La auténtica oración de petición consiste en pedir a Dios que conceda aquello para lo que se han puesto los medios humanos que se tiene obligación de poner, sabiendo que, en último extremo, la eficacia viene de Dios que sustenta todo el ser y el obrar («Si el Señor no edifica la casa en vano se afanan quienes la construyen» (Ps. 127,1): es necesaria la ayuda de Dios, pero también es imprescindible construir la casa). Por esto, el católico sabe que puede y debe poner los medios para resolver los problemas, y se siente más urgido que el que no cree a poner esos medios, porque se sabe responsable no sólo ante los hombres, sino sobre todo ante Dios. Al orar no busca como fin el «consuelo», sino que acude a la oración con esperanza, virtud que Brecht desconoce por completo. El, a través de la acción valiente de Kattrin, parece decirnos que ante los problemas siempre se puede hacer algo externo para resolverlos; y que cuando se ponen los medios humanos, se resuelven de hecho. Pero ambas afirmaciones son falsas, como es obvio, y conducen a un fatalismo pesimista como el que muestra el autor.

Virtud

Según Brecht toda virtud tiene que ser «revolucionaria»; por ejemplo, «bondad revolucionaria». La caridad al prójimo se reduce a «servicio al cliente» (amor al cliente). Podría hablarse de virtudes de la violencia. Las virtudes, entendidas en el sentido cristiano, son, para Brecht, inútiles, porque no resuelven nada. La obra de Brecht se manifiesta en todas sus consecuencias como un intento de destrucción sistemática del cristianismo y de sus valores.

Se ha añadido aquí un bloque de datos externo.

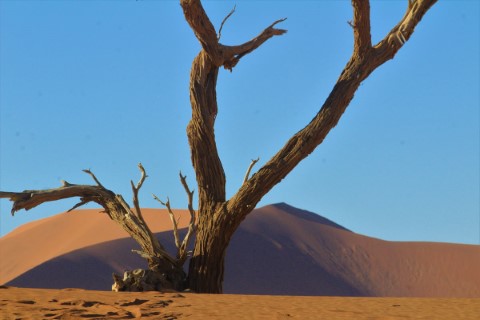 Namib Naukluft Park  - 242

El rostro de la virtud es el rostro del estafador, que simula algo que no es. Así escribe Brecht, porque él no concibe como realidades ni el bien ni el mal; ni la verdad o la mentira; ni el ser o la falta de ser, sino que todo esto es para él una triste simulación.

En Madre Coraje y sus hijos se ocupa detenidamente de las siguientes virtudes: sabiduría, audacia, honradez, abnegación y temor de Dios. La presentación de las cuatro primeras es en realidad un ataque a las cuatro virtudes cardinales: prudencia, justicia, fortaleza y templanza. Cuando se relaciona el temor de Dios con las tres virtudes teologales, es para realizar ni más ni menos que una velada sátira de la idea cristiana del hombre (por ejemplo, el «Song» de Salomón, pp. 93-96). Los hijos de la Coraje encuentran la ruina precisamente en sus buenas cualidades: Eilif en su audacia, Schweizerkas en su honradez, Kattrin en su abnegación maternal; la Coraje misma se pierde a causa de su sabiduría. La respuesta a la cuestión sobre estas virtudes es evidente: «Todas las virtudes son peligrosas en este mundo (...). Es mejor no poseer ninguna virtud y tener una vida más agradable» (p. 93).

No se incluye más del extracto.